REQUIRED WORK:
Take the line with "SPARROW RTA 2/3.7ML 24MM - EARLY BIRD" as the first line and the last line of the data as the final one. Write out those lines exactly, and no others.

INFORMATION SUPPLIED:
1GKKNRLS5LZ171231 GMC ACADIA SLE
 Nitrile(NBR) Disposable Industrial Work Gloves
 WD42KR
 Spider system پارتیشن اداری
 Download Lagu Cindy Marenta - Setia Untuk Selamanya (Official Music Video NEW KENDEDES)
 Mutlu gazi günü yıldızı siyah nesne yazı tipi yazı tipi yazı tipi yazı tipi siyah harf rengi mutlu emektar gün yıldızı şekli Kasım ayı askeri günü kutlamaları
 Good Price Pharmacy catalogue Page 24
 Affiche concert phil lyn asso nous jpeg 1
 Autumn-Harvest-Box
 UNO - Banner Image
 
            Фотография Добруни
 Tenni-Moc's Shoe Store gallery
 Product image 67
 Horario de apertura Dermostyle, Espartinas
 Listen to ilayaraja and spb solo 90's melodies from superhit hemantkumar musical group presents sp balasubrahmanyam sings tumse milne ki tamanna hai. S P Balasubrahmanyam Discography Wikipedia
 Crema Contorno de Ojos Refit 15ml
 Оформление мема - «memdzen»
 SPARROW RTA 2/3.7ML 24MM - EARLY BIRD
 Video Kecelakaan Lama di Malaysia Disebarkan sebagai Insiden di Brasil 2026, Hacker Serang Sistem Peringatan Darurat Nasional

PROBLEM SOLUTION:
 SPARROW RTA 2/3.7ML 24MM - EARLY BIRD
 Video Kecelakaan Lama di Malaysia Disebarkan sebagai Insiden di Brasil 2026, Hacker Serang Sistem Peringatan Darurat Nasional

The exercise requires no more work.